(Dataset records)
# # # # #

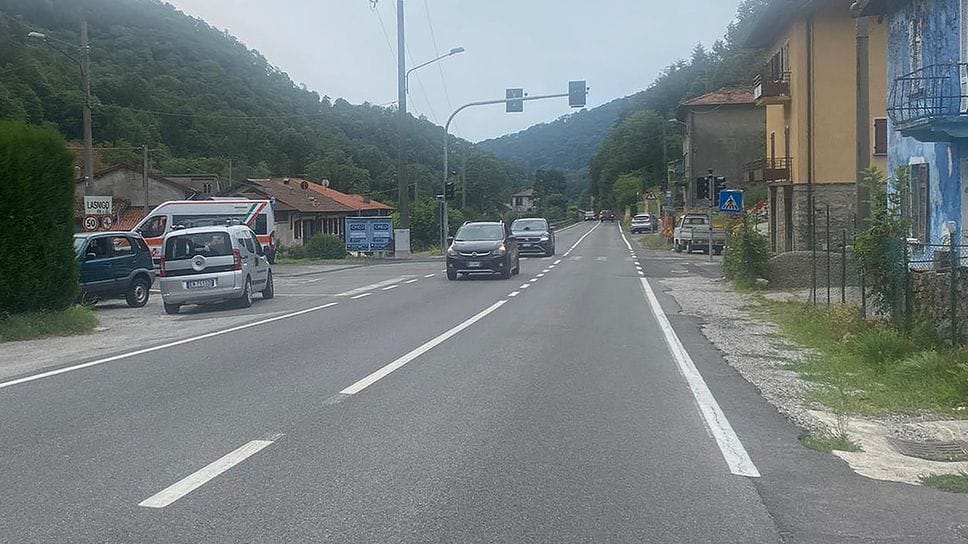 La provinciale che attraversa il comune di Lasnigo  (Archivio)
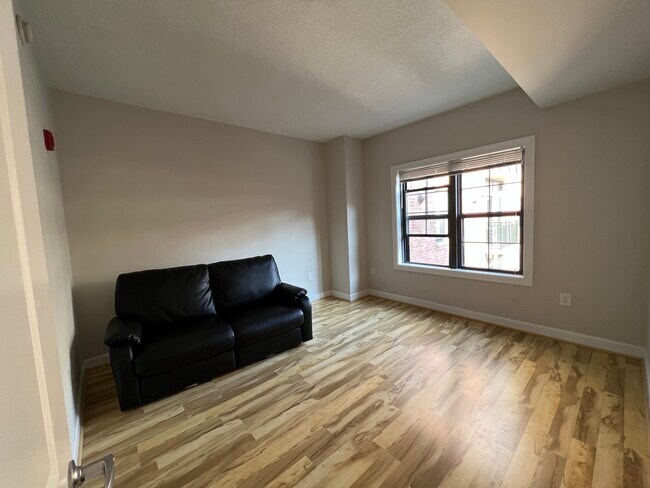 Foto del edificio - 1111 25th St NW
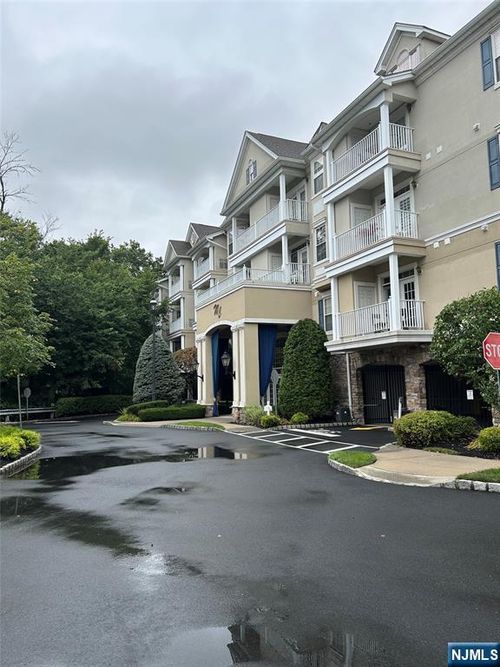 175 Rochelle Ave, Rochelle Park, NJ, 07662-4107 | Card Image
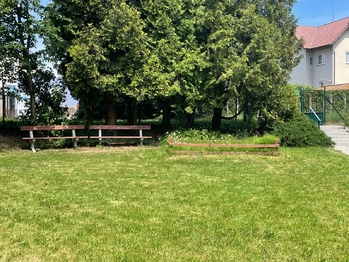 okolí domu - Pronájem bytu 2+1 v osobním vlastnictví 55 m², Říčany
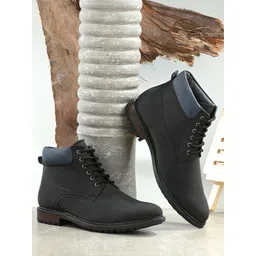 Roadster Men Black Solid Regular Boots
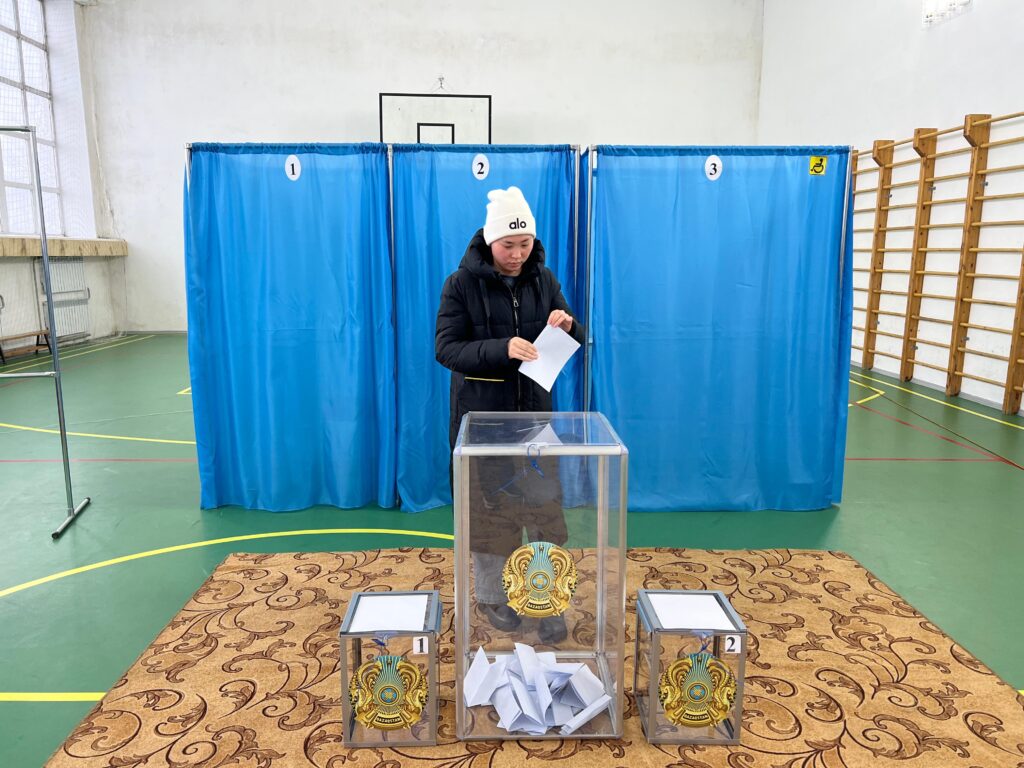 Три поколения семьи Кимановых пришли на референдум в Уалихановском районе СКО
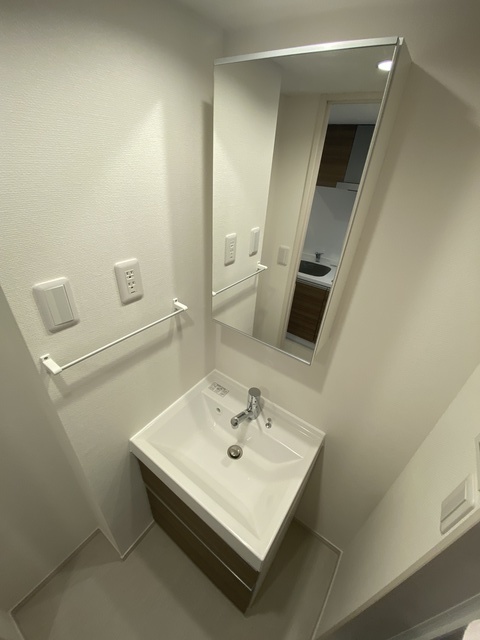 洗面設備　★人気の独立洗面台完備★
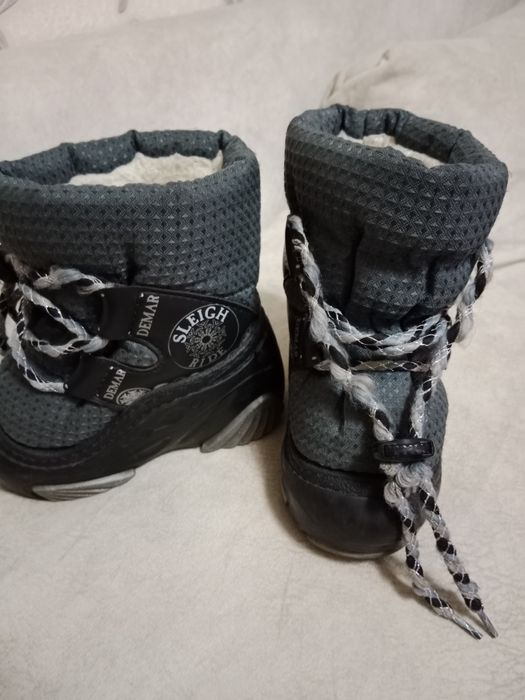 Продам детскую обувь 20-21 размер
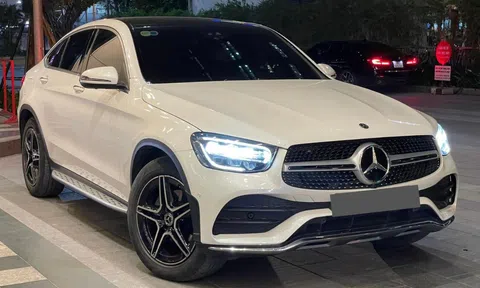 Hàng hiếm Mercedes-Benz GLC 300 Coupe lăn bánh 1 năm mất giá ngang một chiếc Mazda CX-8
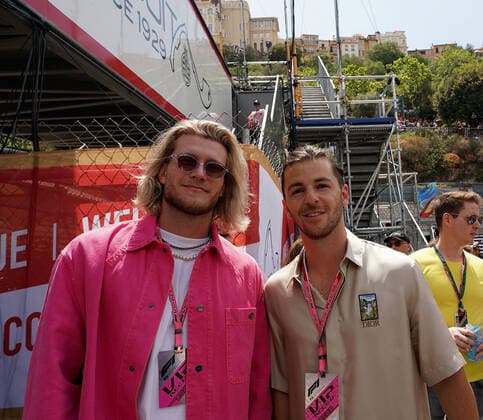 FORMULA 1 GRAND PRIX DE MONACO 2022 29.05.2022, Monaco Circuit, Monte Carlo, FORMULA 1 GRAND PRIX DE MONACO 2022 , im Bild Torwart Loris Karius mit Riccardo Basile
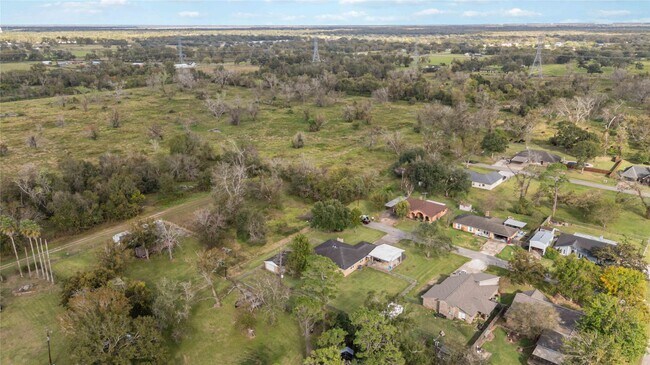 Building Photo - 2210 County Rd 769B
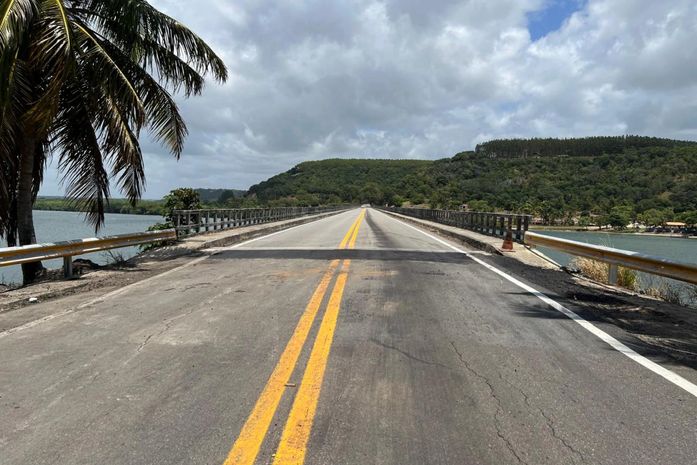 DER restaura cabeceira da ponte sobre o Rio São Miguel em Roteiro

# # # # #

• _Exercise requirements_: Return the entries above exactly and in full; do not include images.

• _Written answer_:
 La provinciale che attraversa il comune di Lasnigo  (Archivio)
 Foto del edificio - 1111 25th St NW
 175 Rochelle Ave, Rochelle Park, NJ, 07662-4107 | Card Image
 okolí domu - Pronájem bytu 2+1 v osobním vlastnictví 55 m², Říčany
 Roadster Men Black Solid Regular Boots
 Три поколения семьи Кимановых пришли на референдум в Уалихановском районе СКО
 洗面設備　★人気の独立洗面台完備★
 Продам детскую обувь 20-21 размер
 Hàng hiếm Mercedes-Benz GLC 300 Coupe lăn bánh 1 năm mất giá ngang một chiếc Mazda CX-8
 FORMULA 1 GRAND PRIX DE MONACO 2022 29.05.2022, Monaco Circuit, Monte Carlo, FORMULA 1 GRAND PRIX DE MONACO 2022 , im Bild Torwart Loris Karius mit Riccardo Basile
 Building Photo - 2210 County Rd 769B
 DER restaura cabeceira da ponte sobre o Rio São Miguel em Roteiro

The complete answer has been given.